Yes, the drive failed.

Had you used the 3Ware's intelligent hardware RAID, it would
have hidden the drive disconnect from the system.  You'd see
a log entry on the failure, and that the array was in a
"downgraded" state.

Instead, you're using software RAID, and it's up to the
kernel to not panic on itself because a disk is no longer
available.  The problem isn't the 3Ware controller, it's the
software RAID logic in the kernel.

> Any ideas as to what I can do to prevent this in the
> future?

Use the 3Ware card as it is intended, a hardware RAID card.

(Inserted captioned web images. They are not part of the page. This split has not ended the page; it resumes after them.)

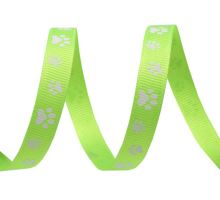 Rypsová stuha / popruh šíře 10 mm potisk tlapky - zelená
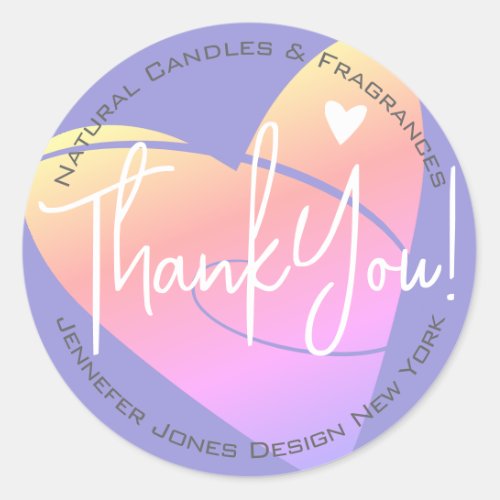 Pastel Lilac Heart Calligraphy Thank You Label 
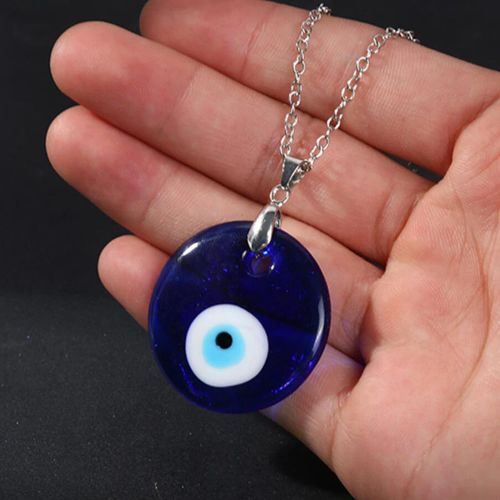 Evil Eye Pendant Necklace - Stylish Protection Jewellery - Unisex Necklace - 3cm O chain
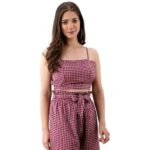 2 Piece Check Short Dress For Women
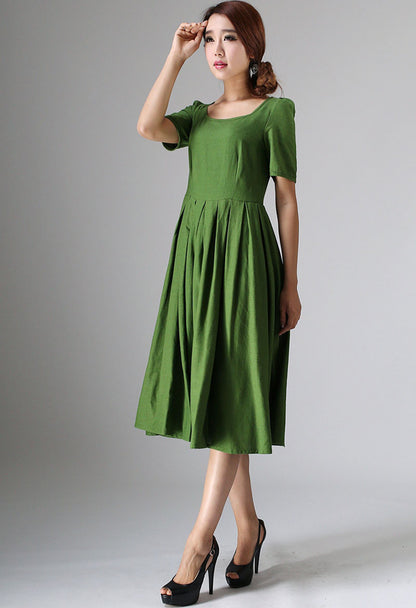 Forest Green Linen Dress - Fit and Flare Pleated Silhouette 973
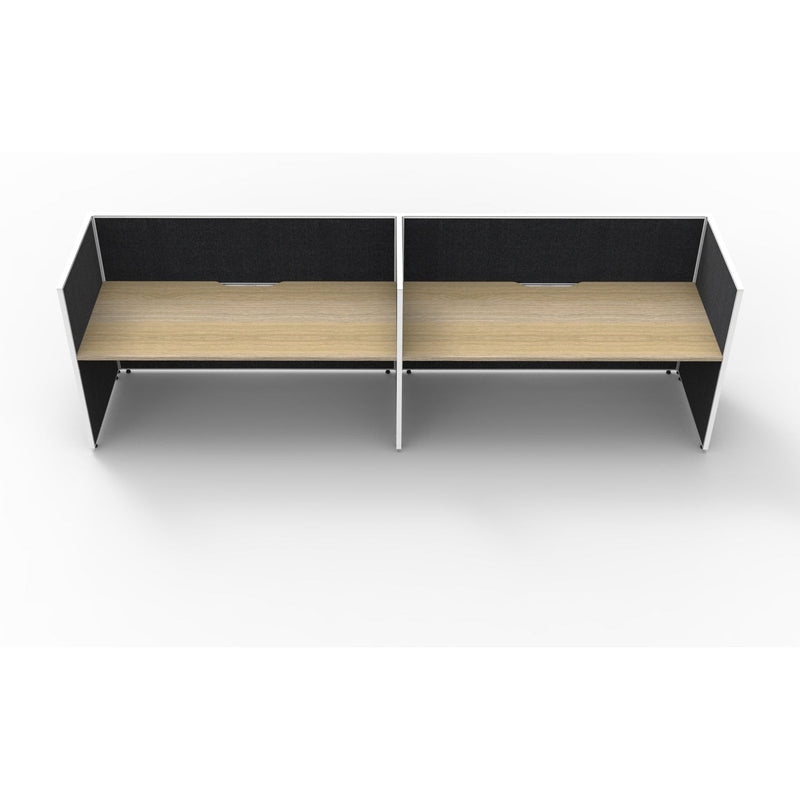 SHUSH30 Workstation - 2 Person - Screen Hung Tops - Oak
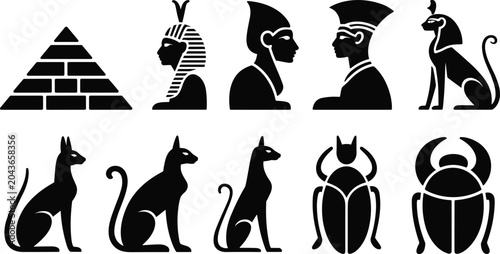 Photos “Ancient Egyptian Silhouette Collection, Pharaoh Profiles, Pyramid Icon, Bastet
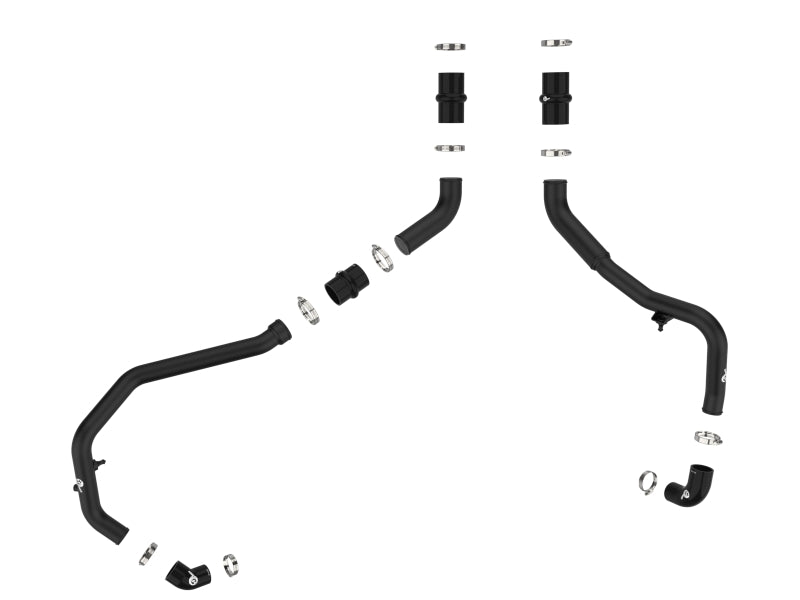 aFe BladeRunner 2in to 2-1/2in Aluminum Hot Charge Pipe Black Ford F-150 24-26 V6-2.7L (tt) - 46-20788-B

> Having the system hang every time a disk dies is, well,
less
> than optimal.

No joke.  It wasn't until even kernel 2.6 that hotplug
support was offered, and it still does _not_ work as
advertised.

It's stuff like this that makes me want to strangle most
advocates of using 3Ware cards with software RAID.  There are
countless issues like this -- far more than the alleged
"hardware lock-in" negative of using hardware RAID.


-- 
Bryan J. Smith     Professional, Technical Annoyance                      b.j.smith at ieee.org      http://thebs413.blogspot.com
----------------------------------------------------
*** Speed doesn't kill, difference in speed does ***